Belajar Mengikhlaskan

Ikhlas menerima apa yang terjadi? Hm…bisa dibilang itu sulit buatku. Ya, selama ini aku ingin memenangkan perdebatan dan dihormati banyak orang. Jika ditanya mengapa? Aku pun tak bisa menjawabnya. Mungkin aku egois. Setiap berdebat, aku berusaha sekuat tenaga untuk bisa menang. Saat itu, aku malah diserang oleh banyak teman dari lawan bicaraku yang menganut ajaran sesat. Aku malas berdebat, namun itu bukan berarti aku sudah mengikhlaskan kekalahan itu.

Lantas bagaimana cara untuk belajar mengikhlaskan?
Pertama, mengikhlaskan hasil.
Hal ini kupelajari dari kak Dee Lestari ketika aku mengikuti writing workshop beliau. Kak Dee bercerita bahwa dia sering kalah dalam perlombaan cerpen yang diikutinya. Dia sudah mati rasa dan tak berharap bisa menang. Kak Dee mengikuti lomba cerpen, tetapi dia mendaftar atas nama adiknya. Tak disangka Kak Dee menjadi juara pertama. Ketika Kak Dee menceritakan akan hal ini, tiba-tiba aku teringat kalau aku kalah dalam lomba cerpen Storial, namun menang dalam lomba menulis singkat yang diadakan Nulisbuku sehingga aku dapat menghadiri workshop tersebut. Aku belajar bahwa saat kita tak terlalu berharap akan sesuatu, justru saat itu kita mendapat hasil tak terduga. Ya, jangan terlalu berharap, ikhlaskan saja hasilnya, yang penting sudah berdoa dan berusaha untuk mencoba... Jatuh berkali-kali pun tak apa-apa, asalkan bangun lagi.

Kedua, mengikhlaskan respons orang.
Tak semua orang akan menyukai kita. Biarkan saja. Ada pepatah mengatakan orang yang menyukai kita tak butuh alasan untuk tetap menyayangi kita.
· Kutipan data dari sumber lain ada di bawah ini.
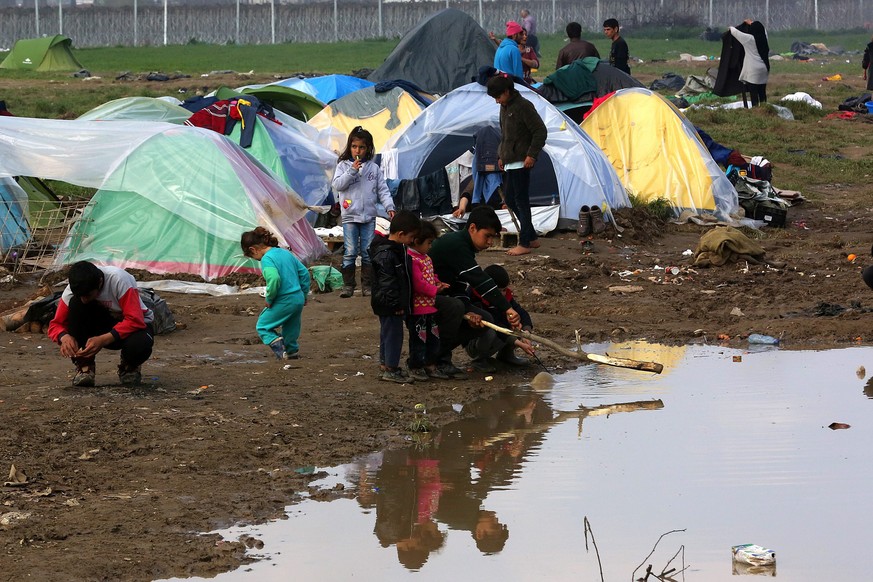 Flüchtlinge im Camp von Idomeni in Griechenland.&nbsp;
Walaupun kita menjelaskan kepada orang yang membenci kita, ia akan tetap punya alasan untuk menyerang kita. Menurutku, kita tidak bisa mengendalikan respons orang terhadap kita. Ketika difitnah, jelaskan faktanya dan waktu akan menjelaskan tentang diri kita yang sesungguhnya.

Ketiga, mengikhlaskan dalam memberi.
Memberi kepada Tuhan dan sesama memerlukan keikhlasan. Kita tidak bisa memberi sepuluh dan mengharapkan Tuhan mengembalikan berlipat kali ganda. Semua adalah milik Sang Pencipta dan kita hanya pengelola.

Keempat, mengikhlaskan untuk dilupakan.
Hari ini aku berulang tahun. Namun, ada beberapa teman dekat yang tidak mengucapiku. Dahulu, aku sempat kecewa. Akan tetapi, aku belajar untuk menyadari bahwa hiruk pikuk kehidupan sering kali membuat orang lupa akan hal lain. Yang terpenting kami masih bersahabat dan saling menyemangati. Tak perlu dirayakan secara mewah di restoran.

Jadi, belajar mengikhlaskan memang sulit. Tetapi, tidak ada yang mustahil bersama Tuhan. Maukah kita belajar mengikhlaskan?